I’m not talking about horror per se. There are subjects that we all find distressing. The kind of material that people these days label with trigger warnings. Facts and stories and ideas which will hit us where we live, push on old bruises, maybe bring fresh pain to old scars. Such subjects are intensely painful and could be trauma triggers.

A trauma trigger is an experience that causes someone to recall a previous traumatic memory, although the trigger itself need not be frightening or traumatic and can be indirectly or superficially reminiscent of an earlier traumatic incident.

(Relevant tangent: If you’re interested in the debate about trigger warnings, I recommend reading The Trigger Warning Myth.)

While I can appreciate the need to test one’s boundaries and stretch one’s literary muscles, I do have two problems with all of these articles urging writers to get out of their comfort zones.
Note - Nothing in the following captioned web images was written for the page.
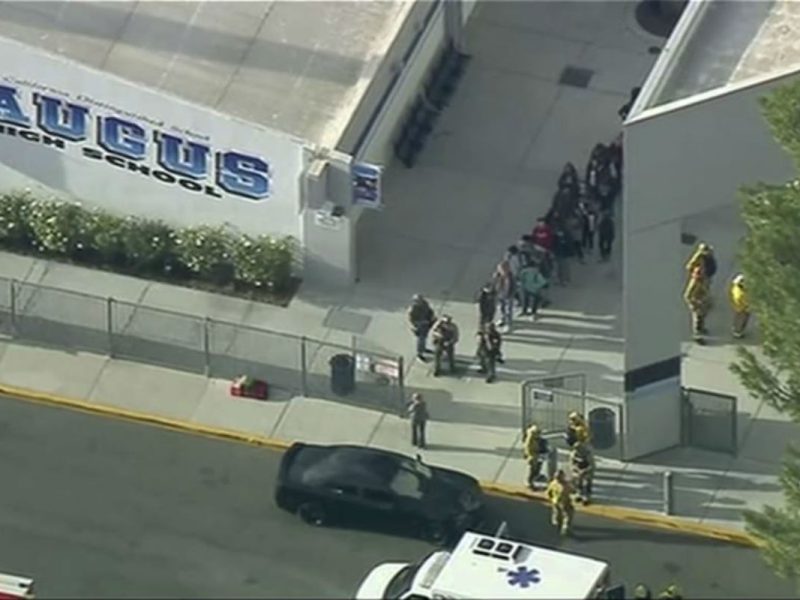 La gente sale de la escuela secundaria Saugus después de los informes de un tiroteo, el jueves 14 de noviembre de 2019, en Santa Clarita, California.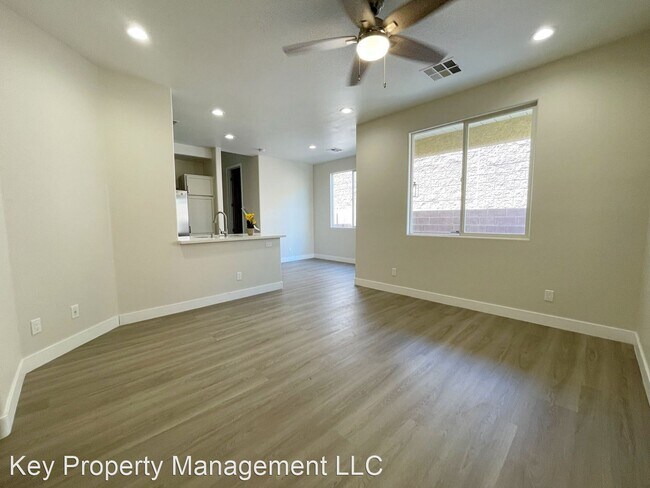 Building Photo - 4 br, 2.5 bath House - 6522 Churnet Valley...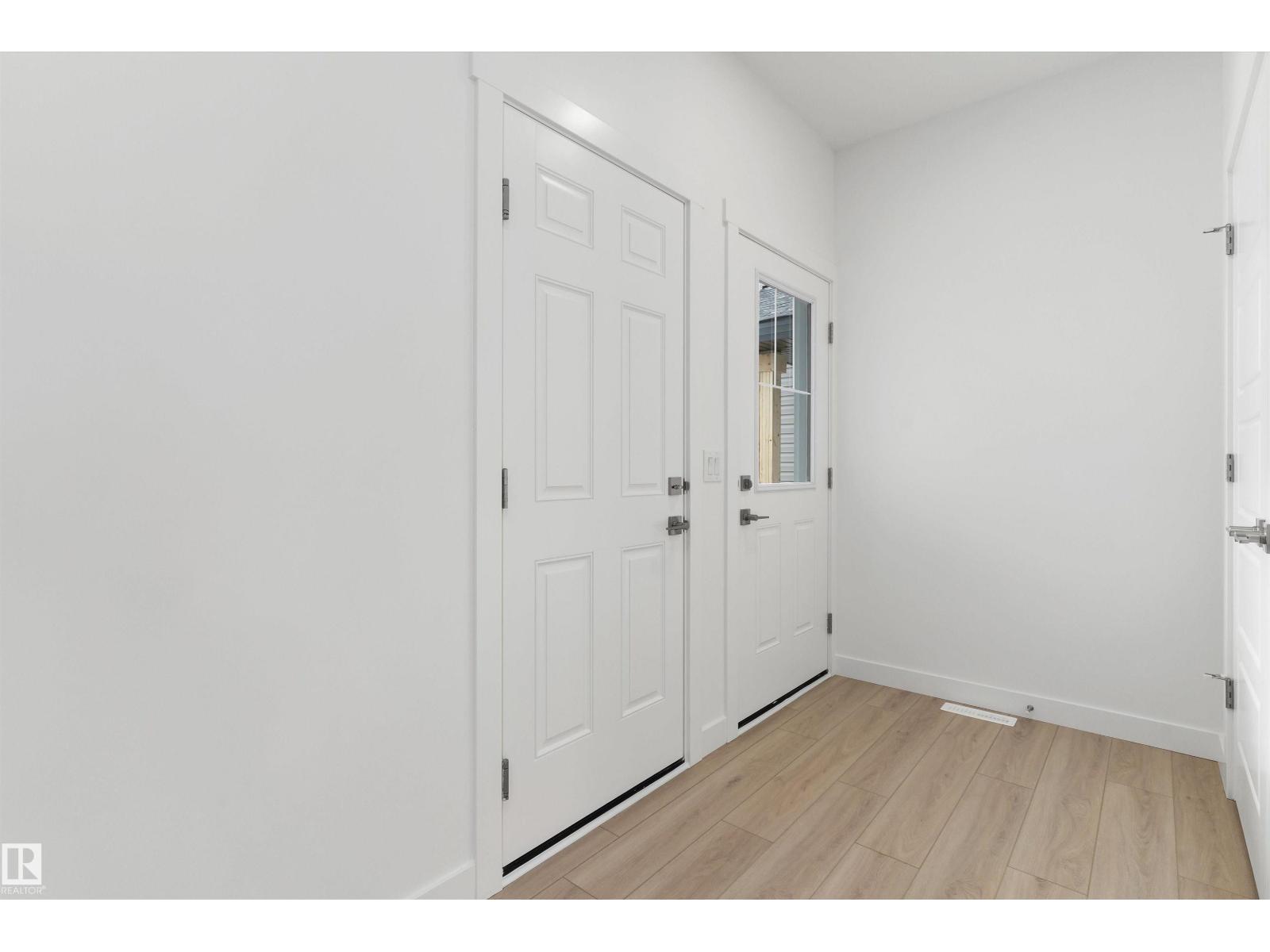 922 18 AV NW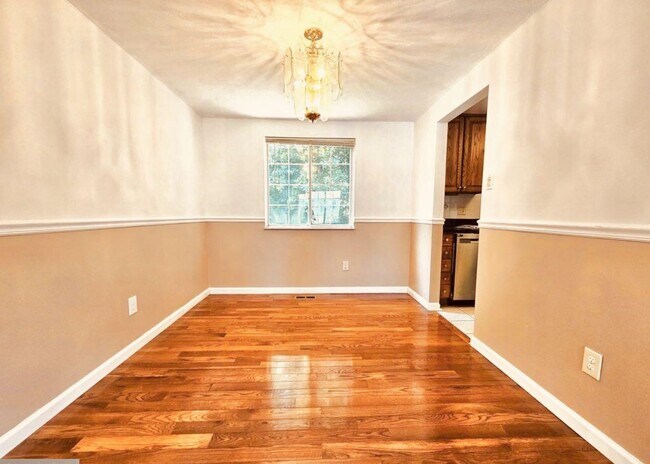Building Photo - 8465 Summer Breeze Ln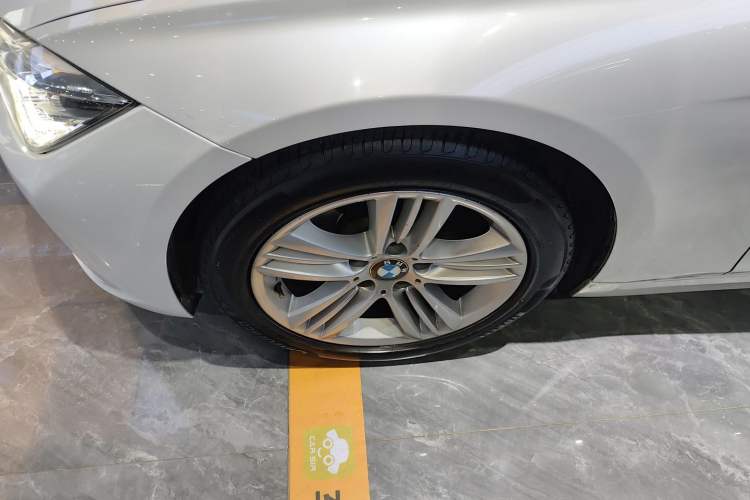 Used BMW 3 Series 2017 320Li Fashion Model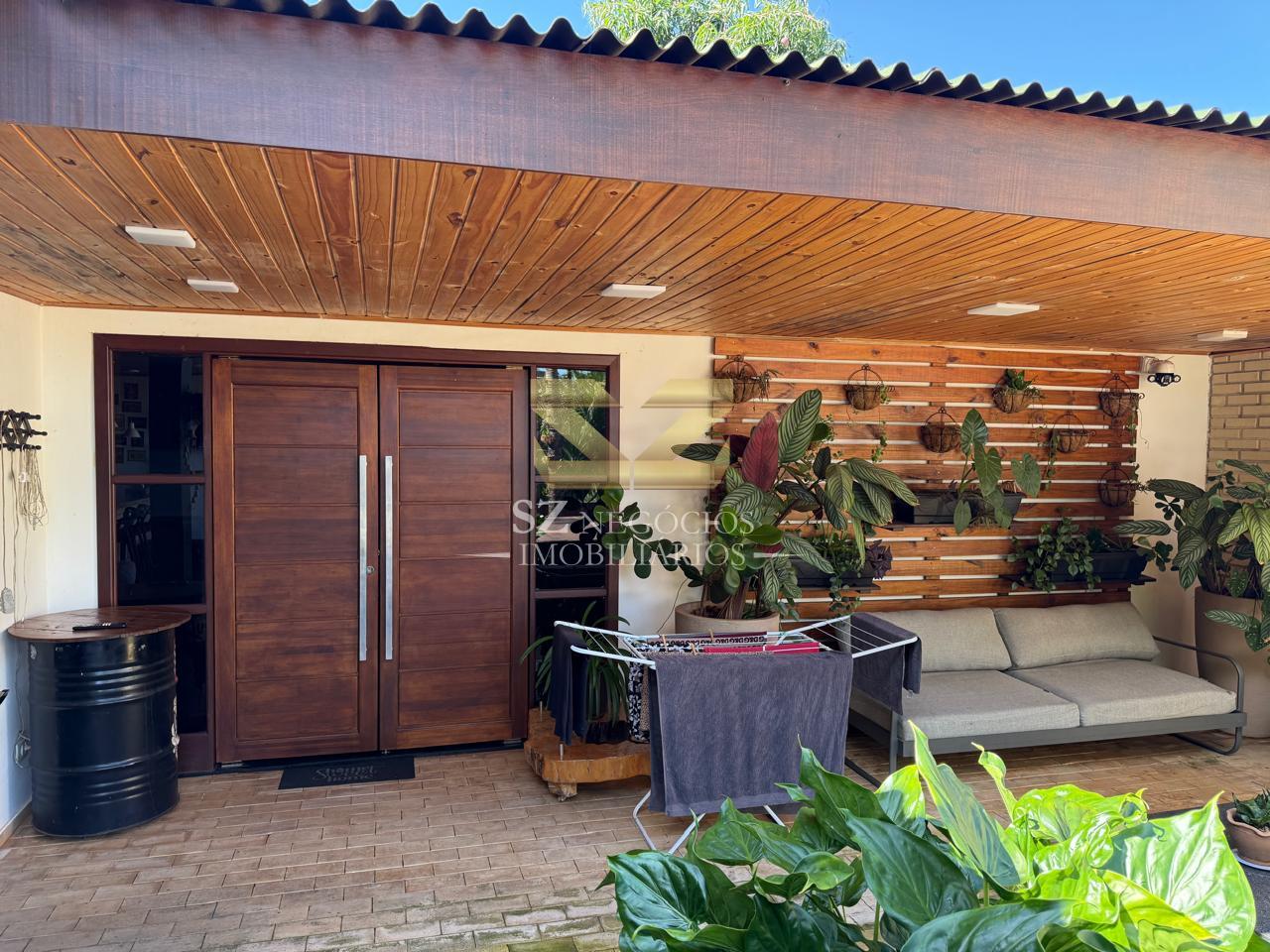 CASA À VENDA LOCALIZADA NO JARDIM DUARTE, FOZ DO IGUAÇU - PR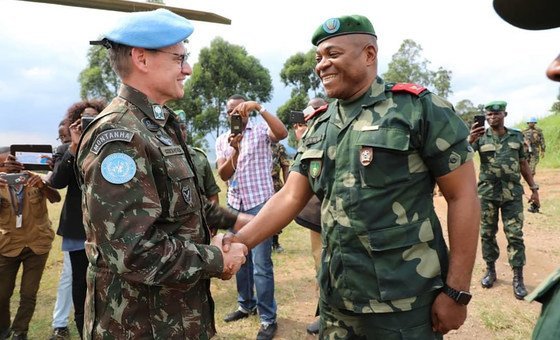 O comandante das forças da Monusco, general Augusto Ferreira Costa Neves, com o comandante da zona de defesa das Fardc, general Sikwabe Fall, em Beni, RD Congo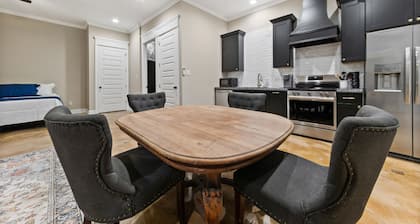 Charming studio in marvelous historic downtown Crowley with AC, WiFi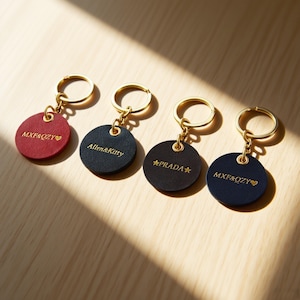 Llavero redondo de cuero personalizado – Llavero con nombre personalizado – Regalo con inicial de pareja – Llavero circular grabado – Dije minimalista para bolso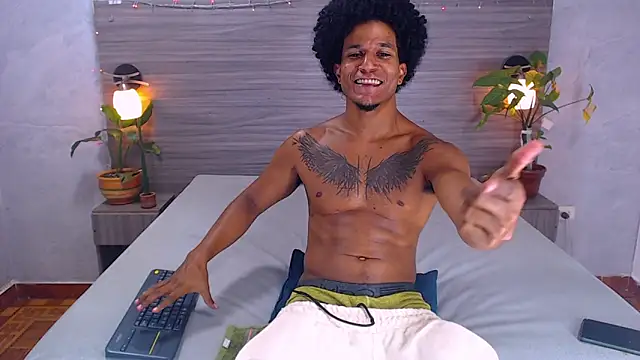 Dilan_Hall webcam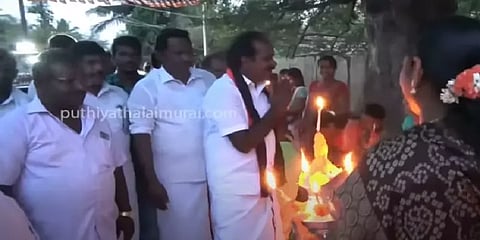 தேர்தல் பிரசாரத்தில் சம்பிரதாயமாக மாறிய "ஆரத்தி" நடைமுறை!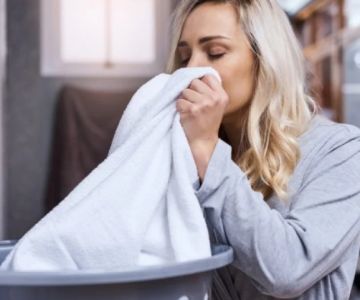 How to Keep Laundry Fresh All Day Naturally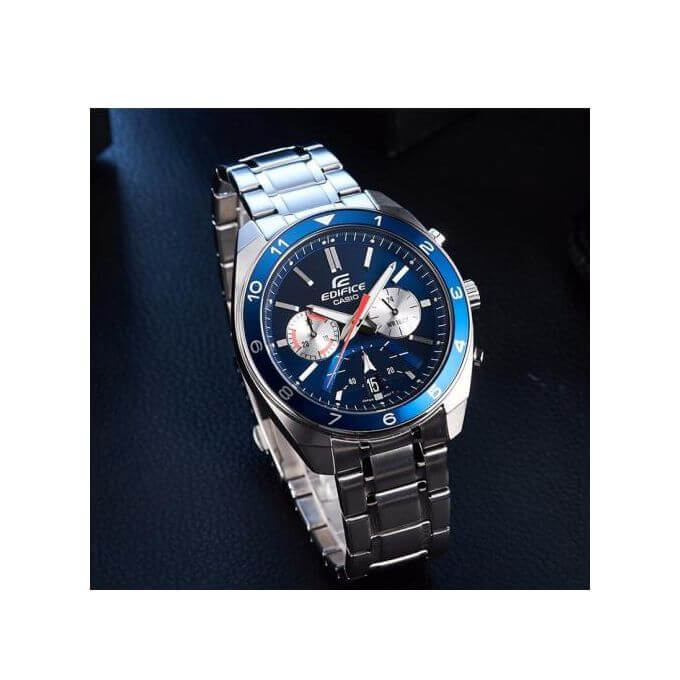 Casio – Cadran bleu créant un style sportif – Chronographe – EFV-590D-2AV
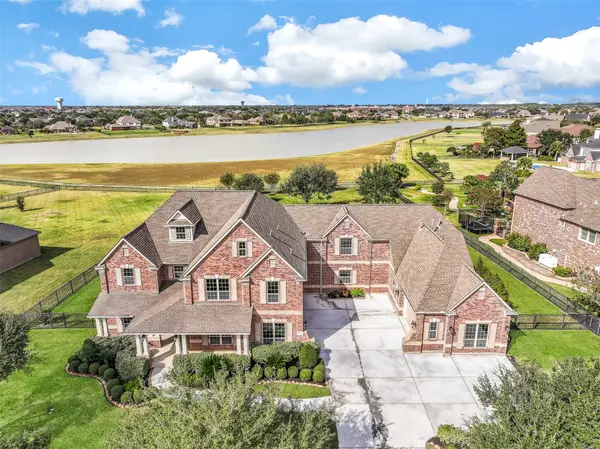 3914 Lake Star Drive, League City, TX 77573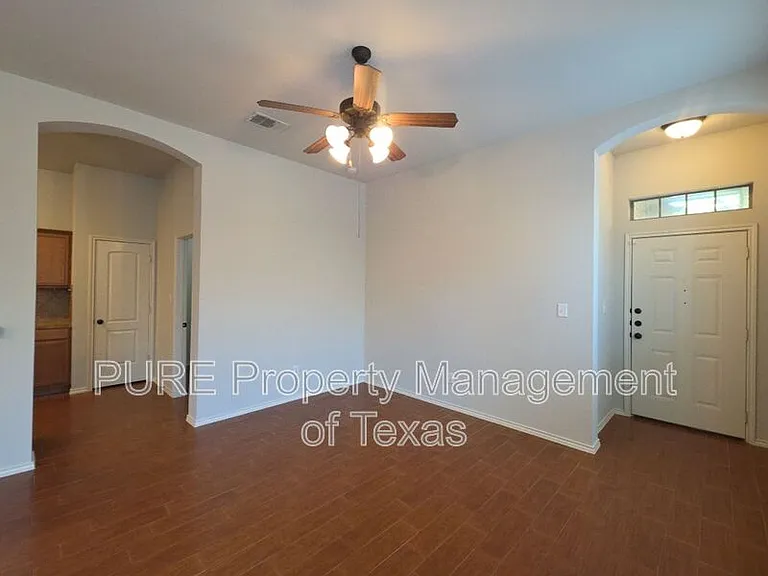 1504 Muirfield Bend Dr #A — Photo 6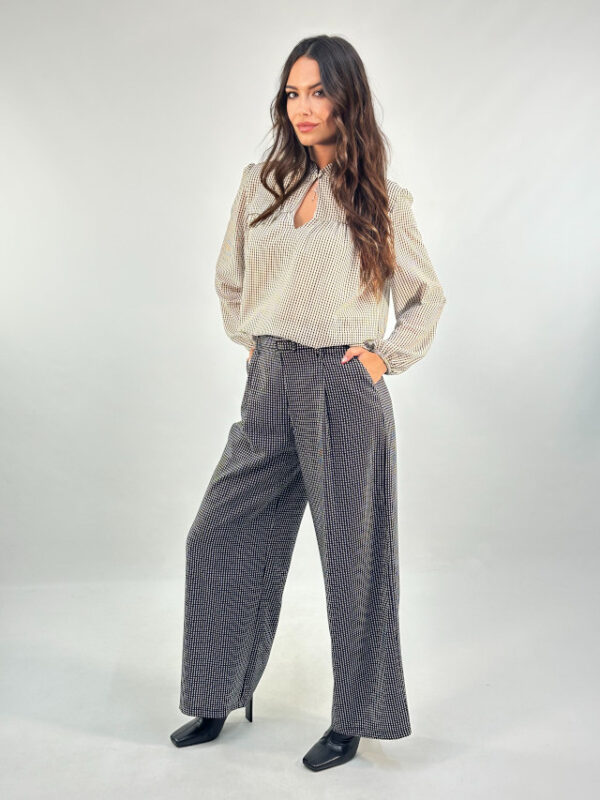 Pantalón fluido estampado mini rombos negro y blanco - Imagen 2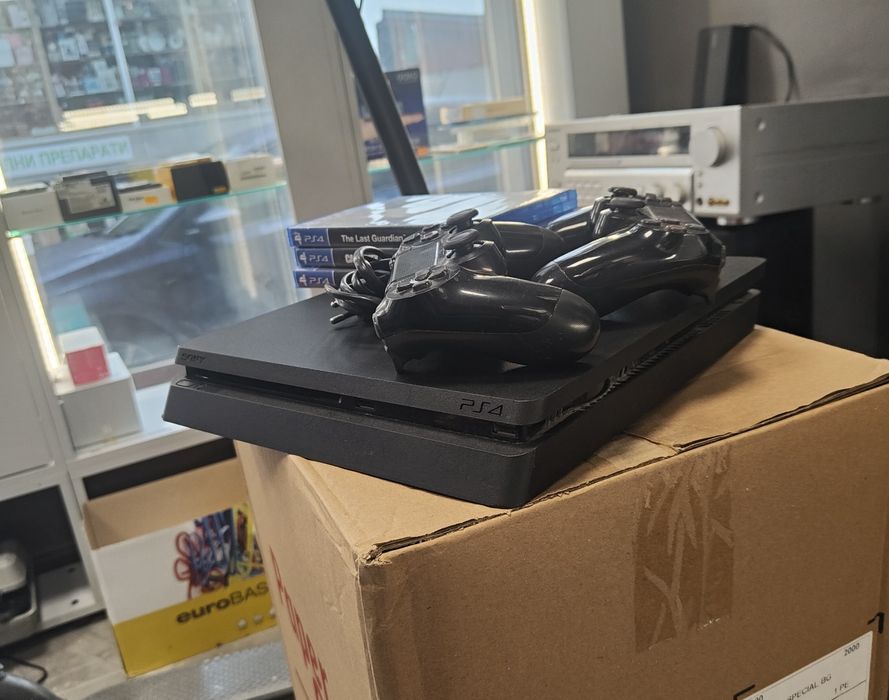 Playstation 4 slim с 2контролера!!!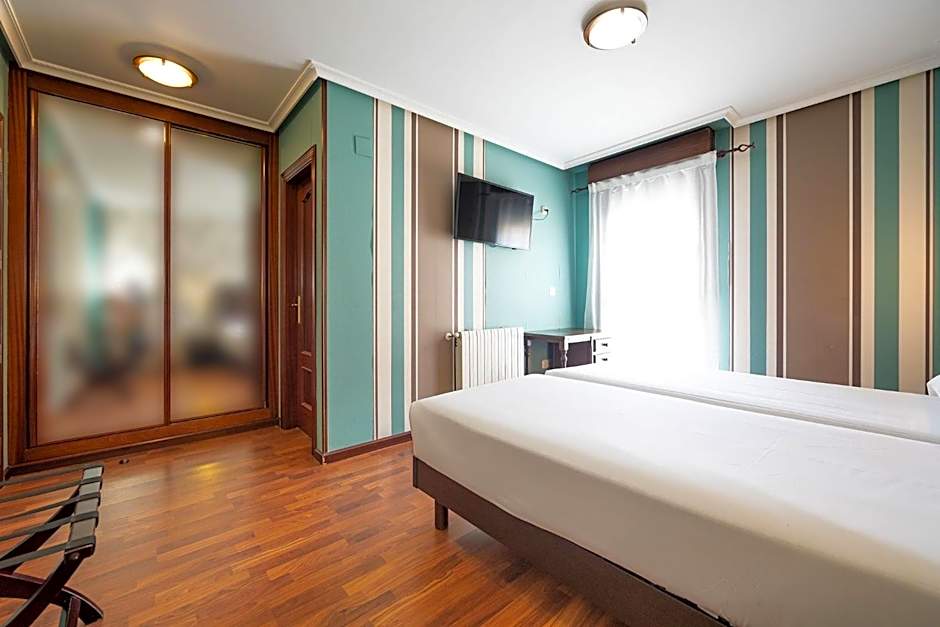 Hotel Puerto de Candás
  1. The people giving this advice have no idea what’s outside my comfort zone. I might have some very good reasons for staying in it.
  2. There’s a crucial piece of information missing. Maybe it’s just the debate team in me, but I don’t see anybody defining the term “comfort zone.” (That’s why I keep linking to the definition every single time I use that phrase.) To me the proper starting point is figuring out precisely where our comfort zones begin and end. Once that’s mapped out, we know where to find terra incognita. We can point to the spot that says “Here there be dragons!”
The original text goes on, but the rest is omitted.